Tracks

Seefeel: "Dead Guitars"

(2011)

By Joel Elliott | 11 February 2011

If you read what I had to say about the latest Tim Hecker album, you’ll know that I appreciate a good ironic title, but the first leak from Seefeel’s return pretty much kills it. Guitars are dead, long live guitars. In the mid-‘90s when Seefeel, Bark Psychosis, and Pygmalion (1995)-era Slowdive initiated the most non-threatening rock revolution ever (or more realistically, finally started dealing with the implications of late Talk Talk), a statement like that must have felt liberating, but now it’s a little quaint.
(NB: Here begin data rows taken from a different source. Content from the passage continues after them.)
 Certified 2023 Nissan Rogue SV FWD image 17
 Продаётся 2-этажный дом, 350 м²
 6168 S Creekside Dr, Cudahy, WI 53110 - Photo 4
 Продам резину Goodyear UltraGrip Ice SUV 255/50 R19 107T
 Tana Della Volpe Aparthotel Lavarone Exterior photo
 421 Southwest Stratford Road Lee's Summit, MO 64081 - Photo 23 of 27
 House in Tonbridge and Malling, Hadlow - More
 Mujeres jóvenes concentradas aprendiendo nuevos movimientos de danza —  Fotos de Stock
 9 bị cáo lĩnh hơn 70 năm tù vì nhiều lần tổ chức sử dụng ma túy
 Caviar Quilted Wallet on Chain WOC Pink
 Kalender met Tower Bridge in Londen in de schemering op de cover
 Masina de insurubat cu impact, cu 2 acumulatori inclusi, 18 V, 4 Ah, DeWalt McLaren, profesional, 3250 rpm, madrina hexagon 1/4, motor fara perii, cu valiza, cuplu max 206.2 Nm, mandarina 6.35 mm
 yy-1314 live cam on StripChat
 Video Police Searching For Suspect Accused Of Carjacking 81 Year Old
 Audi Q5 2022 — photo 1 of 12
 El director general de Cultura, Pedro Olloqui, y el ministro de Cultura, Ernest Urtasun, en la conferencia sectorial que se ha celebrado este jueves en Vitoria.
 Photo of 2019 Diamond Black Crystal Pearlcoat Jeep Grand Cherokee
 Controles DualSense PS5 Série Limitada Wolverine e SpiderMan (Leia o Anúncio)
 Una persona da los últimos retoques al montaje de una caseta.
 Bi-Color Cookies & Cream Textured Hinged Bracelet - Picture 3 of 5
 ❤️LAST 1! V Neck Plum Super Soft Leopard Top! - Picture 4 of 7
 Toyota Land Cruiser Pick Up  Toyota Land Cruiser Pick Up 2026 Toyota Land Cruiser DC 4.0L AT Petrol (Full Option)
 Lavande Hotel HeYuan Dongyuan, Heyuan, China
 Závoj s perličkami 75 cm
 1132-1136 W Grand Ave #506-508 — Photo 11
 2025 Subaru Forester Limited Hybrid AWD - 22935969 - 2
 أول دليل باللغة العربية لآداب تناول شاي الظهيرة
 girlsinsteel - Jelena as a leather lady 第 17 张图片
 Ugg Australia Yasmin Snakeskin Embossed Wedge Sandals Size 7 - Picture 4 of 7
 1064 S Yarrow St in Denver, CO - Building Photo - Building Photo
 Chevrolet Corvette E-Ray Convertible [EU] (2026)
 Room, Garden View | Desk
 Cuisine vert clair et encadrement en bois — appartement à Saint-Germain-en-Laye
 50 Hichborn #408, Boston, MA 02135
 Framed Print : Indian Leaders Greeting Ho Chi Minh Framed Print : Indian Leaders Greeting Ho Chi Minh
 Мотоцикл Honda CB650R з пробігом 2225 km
Every laptop-sporting guitarist mounting their axe on a table-top and sticking metal things in it as if literally deconstructing its history can attest to that.

And yet no other shift in electronic music since has peaked my excitement in the same way: something about still operating on the fringes of rock music rather than having nothing to say about it at all. Post-anything has always been a bit too eschatological for my tastes, but post-rock not only threatened to use the tools of rock against itself, but actually broke the cycle whereby each musical revolution had to drown out the one that preceded it, as if Lenin had the workers of the world stay home and take up crochet.

I’ve heard Seefeel’s return being compared to Portishead’s, which I can somewhat appreciate: same era, same casual dismissal of movements they were unwillingly placed in the center of, same industrial grind, like their earlier records had been dragged behind Christian Marclay’s pickup truck for the last decade-and-a-half. Hopefully in the opium-paced staggered drumbeat and strangled static of “Dead Guitars” critics will stop calling this band “dream pop”—it being not particularly dreamy nor poppy. Like their best work, it sounds fucking massive on headphones even as it creates humble little mosaics out of the shards of the past.